Des déchets jonchent les rues, des enfants ont des maux de ventre, les moyens manquent pour acheter du savon… Accompagnées par l’équipe du projet, les communautés de Gagnoa ont identifié les difficultés qu’elles rencontraient et, pour certaines, mis en place des solutions durables. Dans le village d’Oteoha, voyant la nécessité d’un environnement sain, les femmes ont pris l’initiative de balayer les rues et le marché toutes les semaines, bientôt rejointes par un groupe de jeunes. Dans ce même village, les hommes constatant la surcharge d’une école ont construit deux nouvelles salles de classe.
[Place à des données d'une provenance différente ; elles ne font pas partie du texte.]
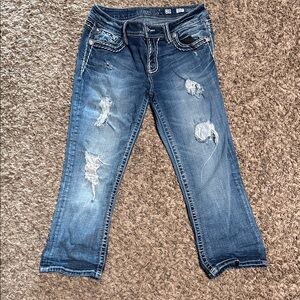 Miss Me Blue Distressed Ankle Jeans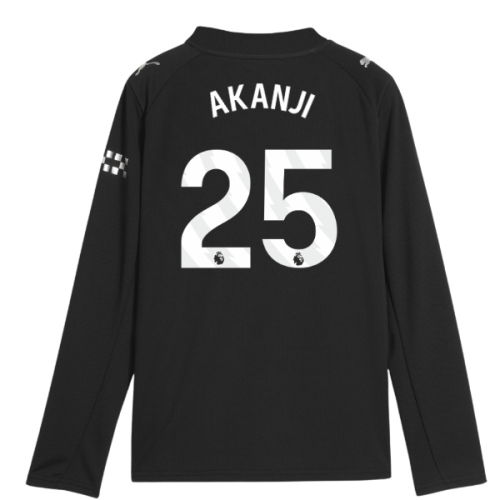 2025-2026 Man City Long Sleeve Away Shirt (Kids) (Akanji 25)  2025-2026 Man City Long Sleeve Away Shirt (Kids) (Akanji 25)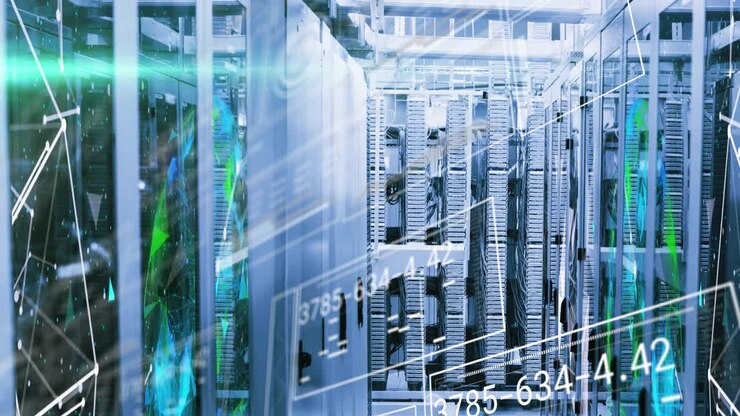 Data processing animation over servers in modern data center environment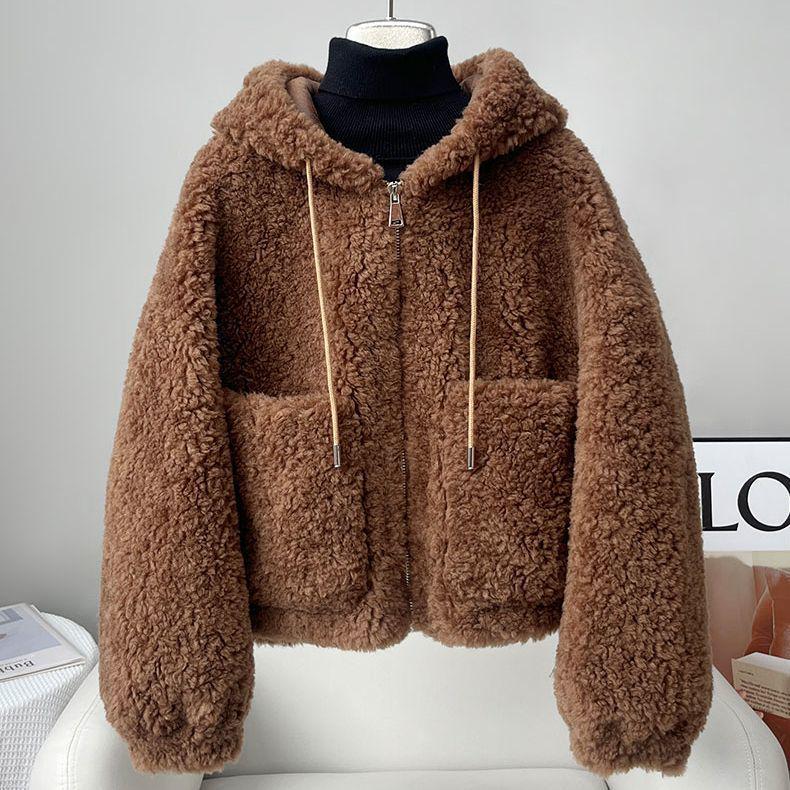 Women's Short Hooded Faux Lamb Wool Coat - Double-Sided Plush Thickened for Autumn & Winter 2025.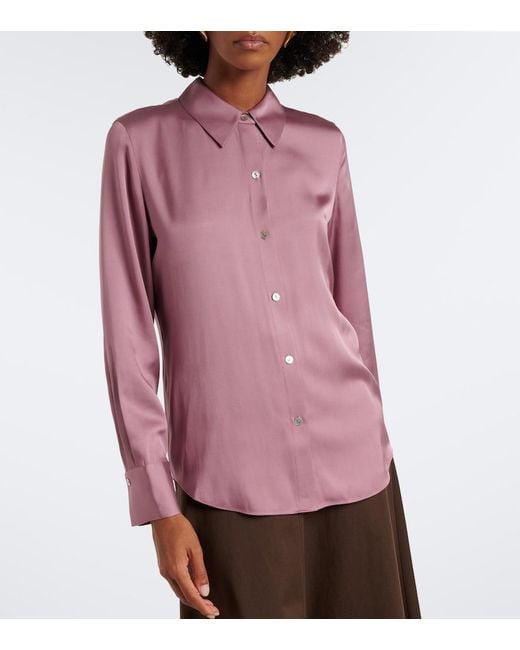 Vince Pink Silk-Blend Shirt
Et les enfants participent eux aussi à l’élan collectif : « les écoliers voient qu’ils n’ont plus de maux de ventre depuis qu’ils se lavent les mains régulièrement, c’est devenu automatique ! » se réjouit un animateur. Ailleurs, des femmes ont appris à fabriquer du savon à partir de l’huile rouge de palmiers. Emmanuel Konan, animateur de groupes de travail, mesure le chemin parcouru par les communautés : « au début du projet, quand nous arrivions dans une communauté, les gens nous disaient « ici nous n’avons rien », aujourd’hui, ils voient qu’ils sont capables d’agir avec leurs propres ressources ». Depuis la fin du dépistage en octobre dernier, les communautés poursuivent leurs initiatives avec le soutien de la Fondation Raoul Follereau qui s’assure dans le même temps du suivi des malades. À la suite de Gagnoa, d’autres projets globaux ont commencé dans les districts de Soubré et de Daloa.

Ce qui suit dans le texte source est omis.